Obtaining insightful feedback on a manager’s performance helps managers and organisations understand how to enhance performance. It does consider not only the areas of improvement but also acknowledges distinguished performance.

 

Managers serve as agents in every organisation, ensuring that the executives achieve the organisational objectives and get their subordinates focused on relevant tasks and targets. Due to work structure, most Executives have fewer interactions with managers compared to the employees who report to these managers and work closely with them. Therefore, a fair assessment of managers, especially regarding character and managerial qualities, can be better done by their subordinates, especially if done anonymously.

 

As part of their talent management transformation journey in the world, most organisations today seek to develop a culture and mindset that encourages open communication and transparent feedback among employees. This is because increasingly the workforce is being taken over by millennials who will deliver digital transformation. After all, knowledge has been largely democratised, and there is an increasing need for mentoring and reverse mentoring in the workplace.

 

While downward communication, assessment, and feedback do not pose much of a challenge to both the giver and receiver of the message, it is not always palatable when the table is turned, especially when the assessment or feedback is negative. Despite the intricacies, the need for managers to be assessed and evaluated can be a huge talent management competitive advantage, as it adequately provides a system of checks and balances that ensures that they get better at leading their team and cut back lapses and excesses at work.

 

As a rule, feedback helps employees, including managers, to identify gaps and possibly plan how to bridge those gaps. Without constant feedback, managers might not grow their leadership potential.

 

Why Appraise the Managers?

As J.K. Rowling posits, ‘if you want to see the true measure of a man, watch how he treats his inferiors, not his equals.

 

Appraising Managers serve as;

  • a means of coaching
  • a means of establishing expectations for the Manager
  • a means of establishing expectations for the team
  • a mechanism of institutionalising appraisal best practices. Through this, they learn how to appraise others

 

According to the popular maxim, ‘power corrupts, and absolute power corrupts absolutely. Where the Manager is left unevaluated and unassessed, he becomes ‘the lord and master of the ring’ because of the pedestal on which he has been placed. It becomes easier to create fiefdoms within the organisation, and an individual manager becomes an “unquestionable villain” ruling “his subjects” to deliver his personally developed vision and objectives based on his subjective standards.

 

The Manager’s role is supervisory and assessing them helps to ensure that they are focused on the right perspectives and goals of the organisation.

 

 

To begin, organisations must define and monitor best practices for managers and communicate the same across the organisations to ensure that expectations are clearly defined. It is based on these predefined indicators that an anonymous management appraisal would be designed. It is important to note that best practice changes over time. Therefore, organisations must consistently monitor the external and internal business environment.

 

Today’s workforce continues to evolve.

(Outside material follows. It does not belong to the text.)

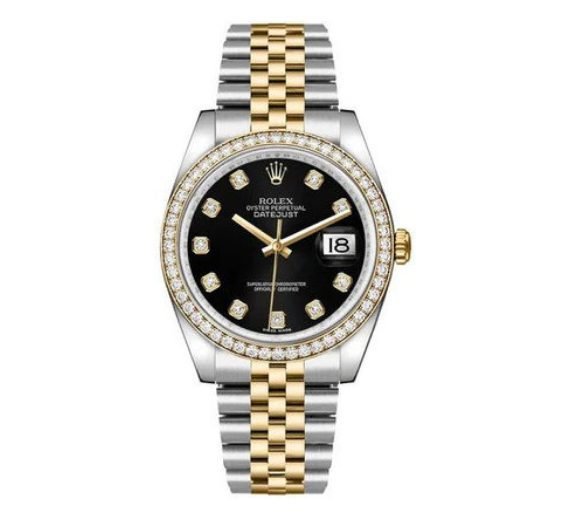 Rolex Datejust 36 Black Diamond Watch 116243-0016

The rank and file are increasingly being filled with millennials and tech-savvy talents in business environments where digital skills are becoming a “must-have”. These types of talents are growing up in a world where the use of technology and speed of completion of tasks/service delivery is a high personal need. Hence, organisations need to consider the employment of advanced approaches in assessing and evaluating managers by using the effectiveness of technologies as a tool of engagement. Remote communication tools, new generation intranet platforms, all-in-one teams, talent performance management, and personalised learning digital technologies will become increasingly important for companies that want to be high performing in the digital age, where the workplace is constantly changing, and employees’ expectations continue to rise.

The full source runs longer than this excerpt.